SUPPLIED DATA Start Marker

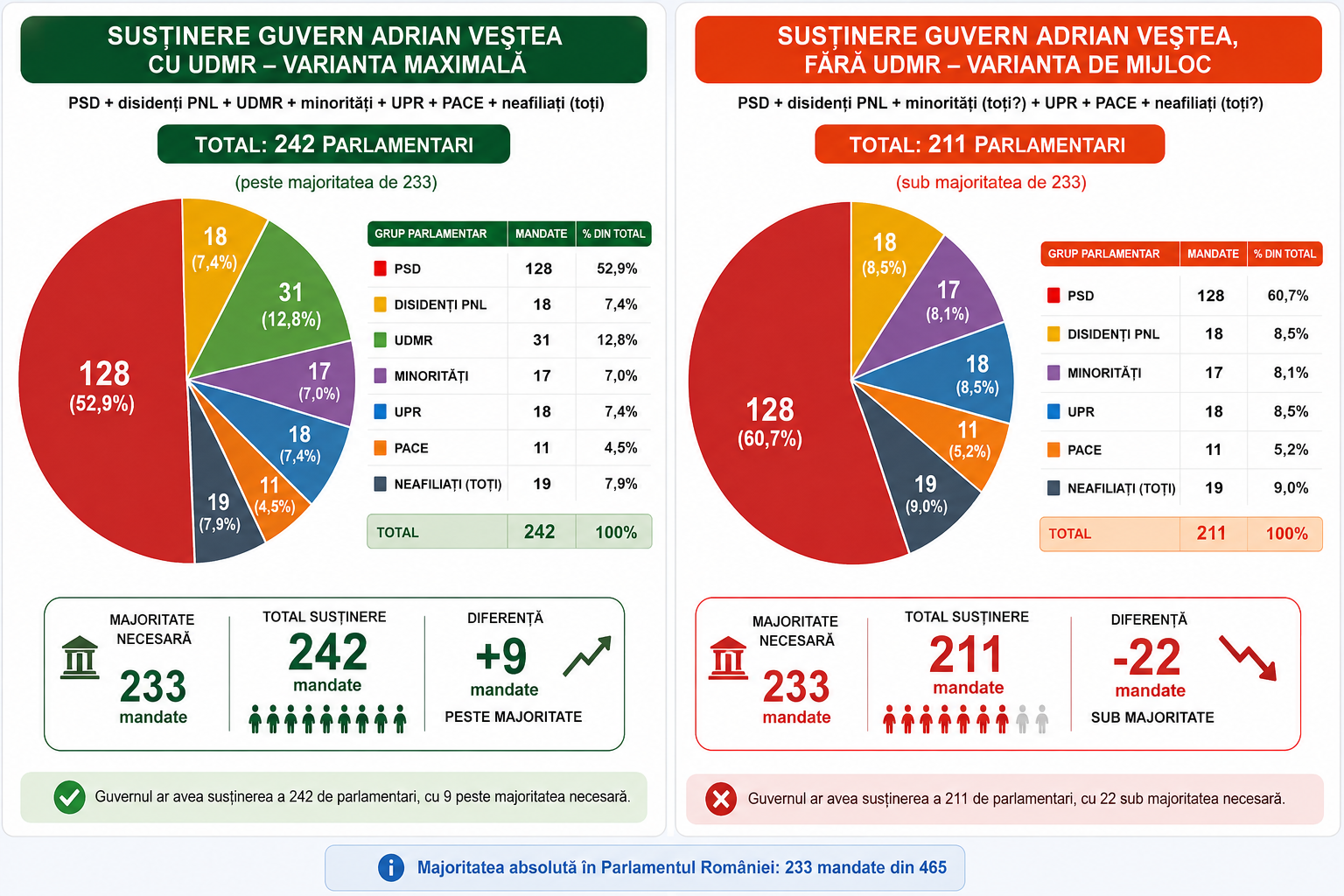 Susținere Guvern Veștea cu și fără UDMR
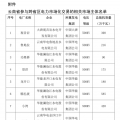 11.3億千瓦時(shí) 2018年1月云南送廣東月度增量掛牌交易11日展開（附市場主體名單）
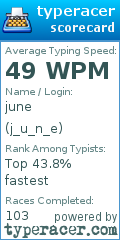 Scorecard for user j_u_n_e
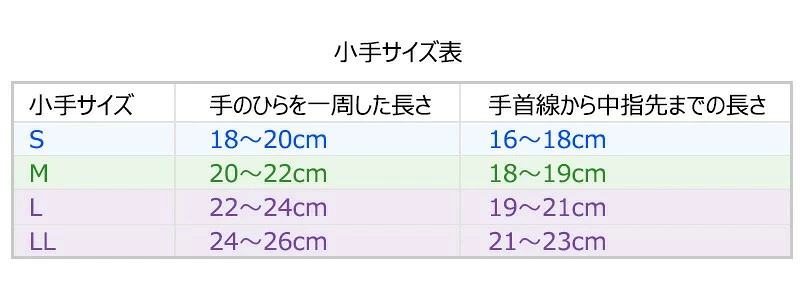 サイズ表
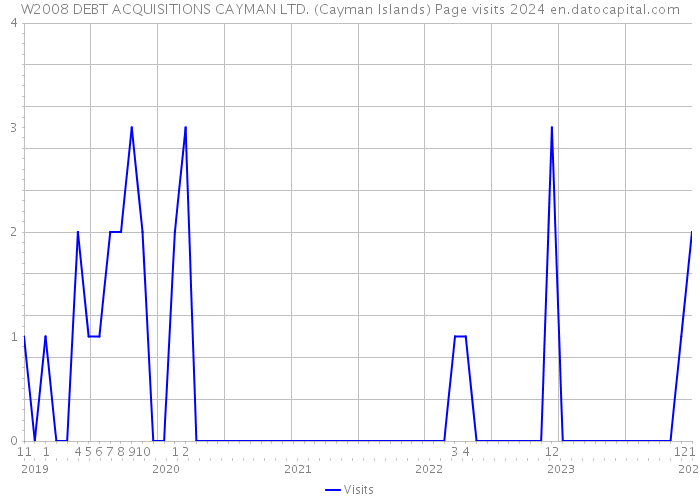 W2008 DEBT ACQUISITIONS CAYMAN LTD. (Cayman Islands) Page visits 2024 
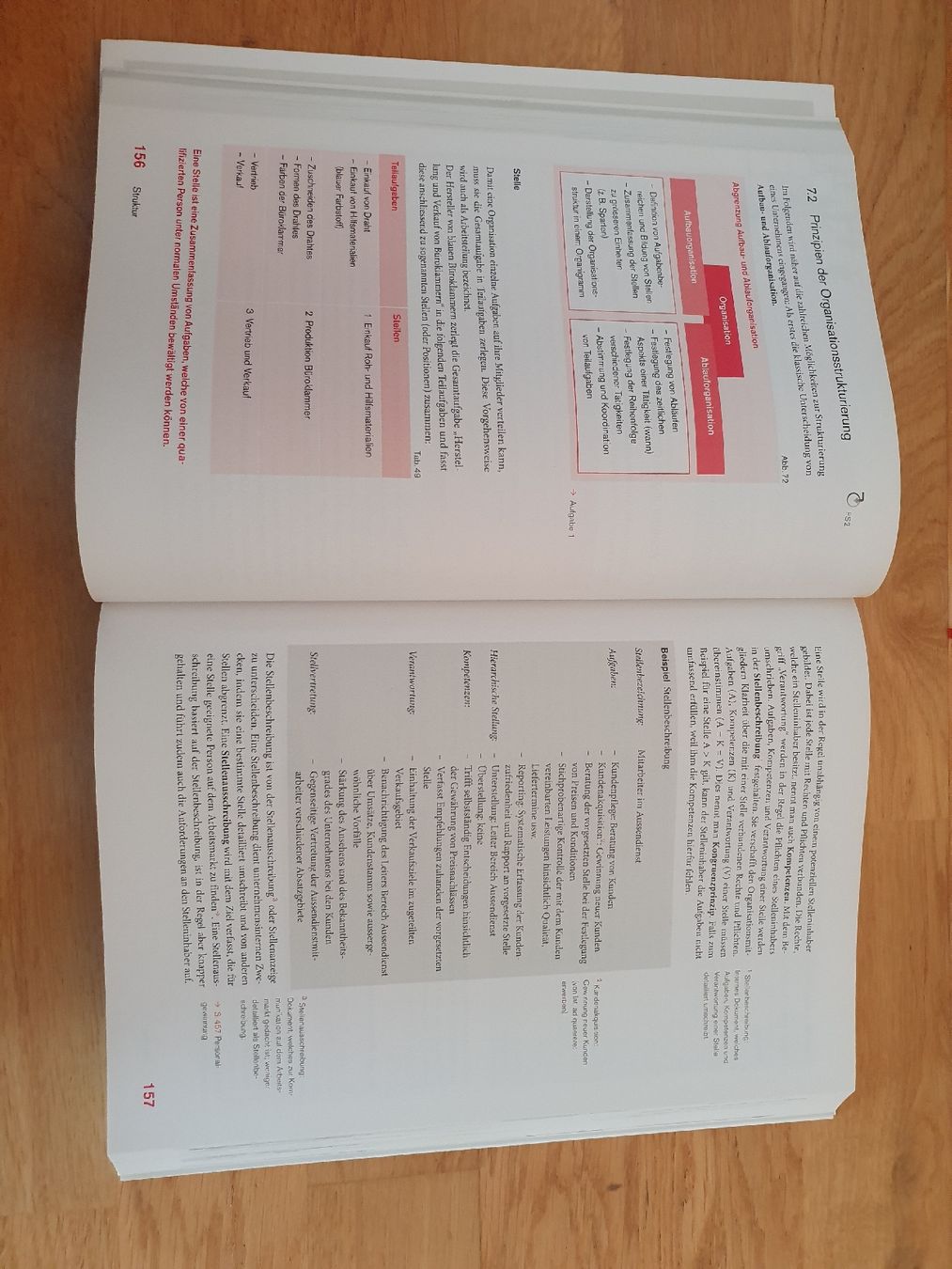 Libri: Betriebswirtschaft verstehen, Capaul, Steingruber – Usato da Moosseedorf venduto da Sonnenschein.. 3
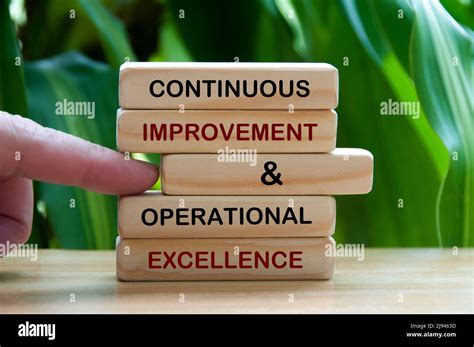 Continuous Improvement And Operational Excellence Text On Wooden Blocks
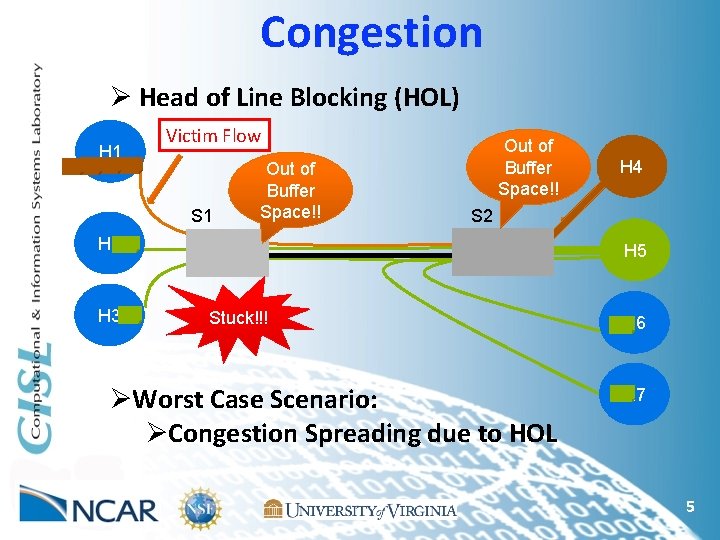 Congestion Ø Head of Line Blocking (HOL) H 1 Victim Flow S 1 Out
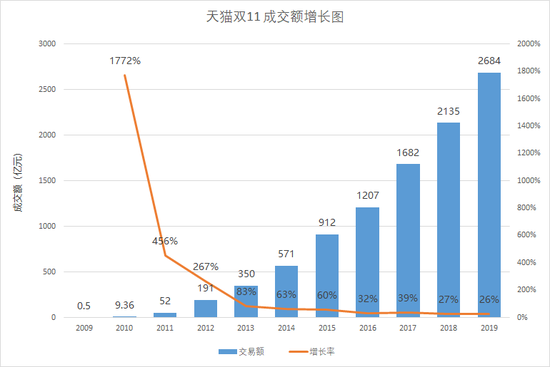 天猫双11成交额增长图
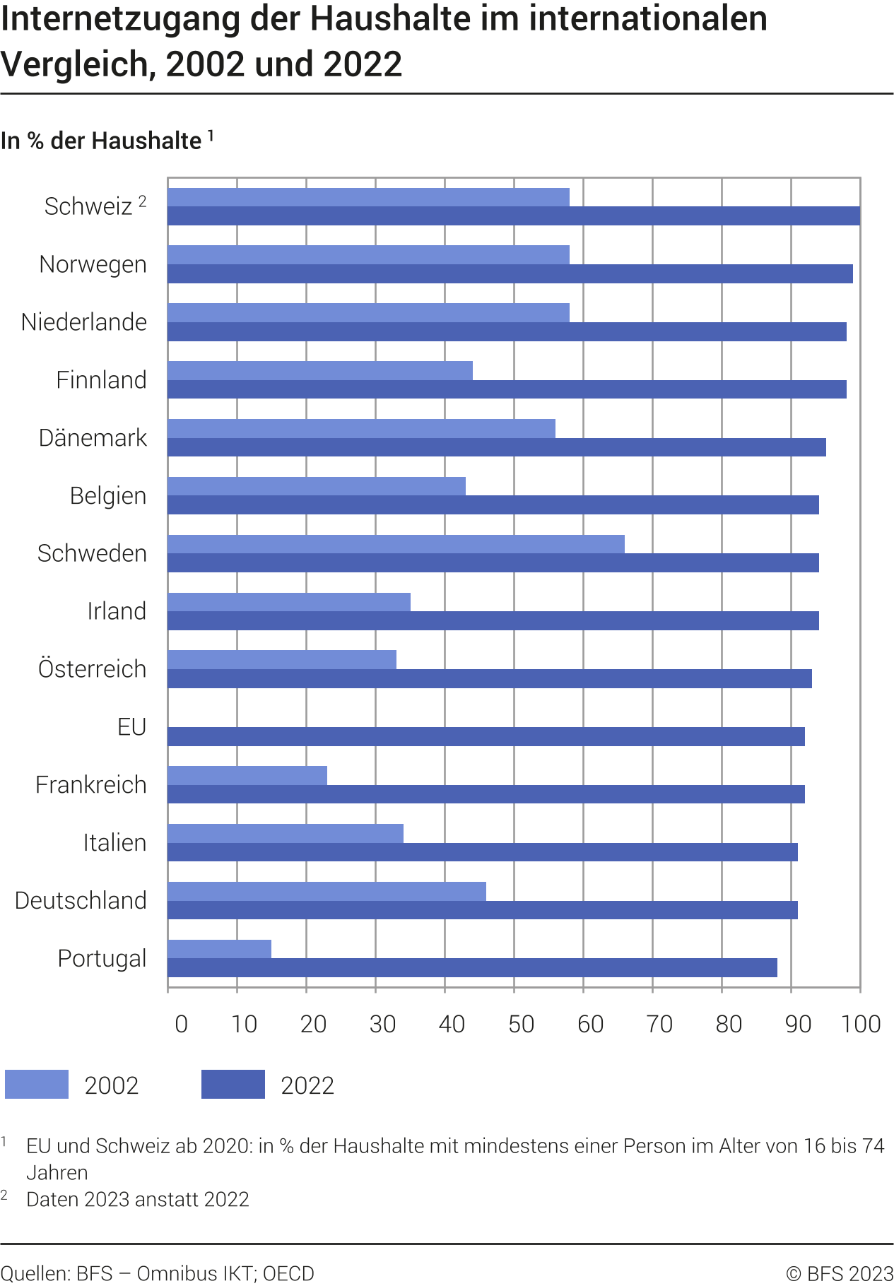 Breitband-Internetzugang der Haushalte im internationalen Vergleich, städtisch/ländlich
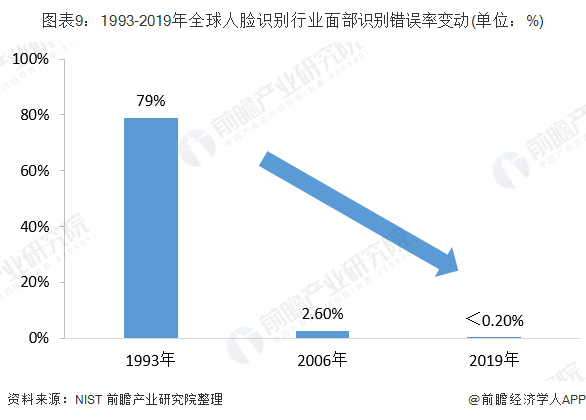 图表9：1993-2019年全球人脸识别行业面部识别错误率变动(单位：%)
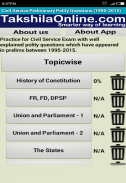 UPSC Prelims IAS Pre Solutions screenshot 1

SUPPLIED DATA End Marker

TASK REQUIREMENTS: Go through the data above and transcribe it in full, omitting any image.

SOLUTION FOR THIS TASK:
 Susținere Guvern Veștea cu și fără UDMR
 11.3億千瓦時(shí) 2018年1月云南送廣東月度增量掛牌交易11日展開（附市場主體名單）
 Scorecard for user j_u_n_e
 サイズ表
 W2008 DEBT ACQUISITIONS CAYMAN LTD. (Cayman Islands) Page visits 2024 
 Libri: Betriebswirtschaft verstehen, Capaul, Steingruber – Usato da Moosseedorf venduto da Sonnenschein.. 3
 Continuous Improvement And Operational Excellence Text On Wooden Blocks
 Congestion Ø Head of Line Blocking (HOL) H 1 Victim Flow S 1 Out
 天猫双11成交额增长图
 Breitband-Internetzugang der Haushalte im internationalen Vergleich, städtisch/ländlich
 图表9：1993-2019年全球人脸识别行业面部识别错误率变动(单位：%)
 UPSC Prelims IAS Pre Solutions screenshot 1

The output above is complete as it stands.